The programme has three pillars:
The first is applying customer centric design principles. This means pairing a lead client for each research project as the focal point for initial analysis, model development and user experience prototyping, followed by beta testing across Dexibit’s client portfolio.
Second is the establishment of a machine learning as a service infrastructure to ensure the data team can implement and scale new models quickly, reusing a shared component foundation.
The third is a commitment to continuous improvement. “We are constantly tweaking enhancements to applicability, accuracy and insight,” she states.
These organisations were used to forecasting models that take months of involved analysis.
Dexibit’s technology has also paved the way for many of these traditional organisations to switch to dynamic business models, especially around ticket pricing and capacity management.
The resulting benefits to Dexibit’s customers include increased visitation, revenue and efficiency, alongside the achievement of social outcomes.
To enable their work on AI, Judge says they have product and data teams in their core engineering function. They then built a dual data science capability across product research, focusing on exploring customer facing models and data engineering, and building the underlying data infrastructure.
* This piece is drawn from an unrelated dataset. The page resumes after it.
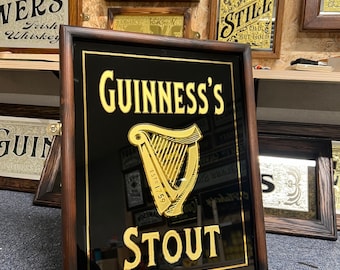 Könnte beinhalten: Ein dunkelbrauner, mit Holz gerahmter Spiegel mit schwarzem Hintergrund und goldenen Buchstaben. Der Spiegel zeigt "GUINNESS'S" mit einem goldenen Harfenlogo und "ESTD 1759" unter der Harfe. Der Text "STOUT" befindet sich unter der Harfe und dem Jahr.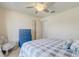 Bright bedroom featuring a ceiling fan and neutral decor, ideal for relaxation at 12711 Se 97Th Terrace Rd, Summerfield, FL 34491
Operationally, the introduction of forecasting required a high degree of data integrity and business rule configuration across a variety of diverse venues. To handle this complexity, Judge says the team developed a series of configurable, interdependent feature sets to provide a strong and reusable data foundation across the various models.
Culturally, the company was faced with introducing an entire industry to the topic of artificial intelligence, she says.
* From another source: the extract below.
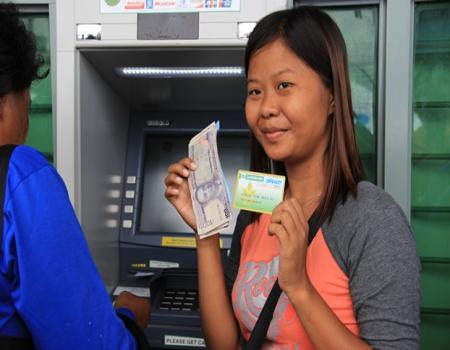 Lady near ATM with cash and card in hand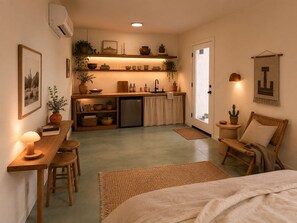 Un ambiente compatto con angolo cottura, zona pranzo e salotto con una sedia e un tavolo.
Dexibit worked with industry executives, and provided a masterclass series to assist the latter’s business teams with understanding forecasting components such as contextual enrichment, featured factors, residual attribution.
“We are helping the industry to embrace this new technology through seeking to understand it and manage organisational change considerations such as ethics, rather than treating machine learning as a ‘black box’ solution,” says Judge.
As Dexibit has scaled globally and particularly set against the complexities of delivering for government clients, Judge has leaned on partners such as Callaghan Innovation, through its Build for Speed program which audits against industry best practices such as agile development and continuous delivery.
She says they also got assistance from Amazon Web Services in architecting their growing solution with new technologies.
Dexibit’s high performance team has been built on a foundation of integrity, excellence and diversity which starts with understanding its people as individuals, says Judge.
She says the company boasts an exceptionally diverse team across gender, ethnicity, orientation and belief and remains committed to the importance of this in its success.
“Unusually for a technology company and particularly in the data science field, Dexibit’s team is comprised of an equal gender balance, including at board and leadership levels,” she says.
Judge advocates for personal growth and mentoring of individual staff. As well as internal training and brown bag collaboration, the company provides opportunities for individuals to attend conferences and training aligned with each individuals’ development plans to support internal promotion or skill diversification.
Judge is also big on celebrating success, implementing a ‘plus one’ policy. This means the company’s leadership team always takes along another team member to attend them in external events.
More recently, Judge says Dexibit has also taken careful consideration of mental health.
“We have important rituals such as a weekly ‘peak and pit’ to encourage the team to support each other in alleviating the stress inevitable with a fast paced, high growth environment.”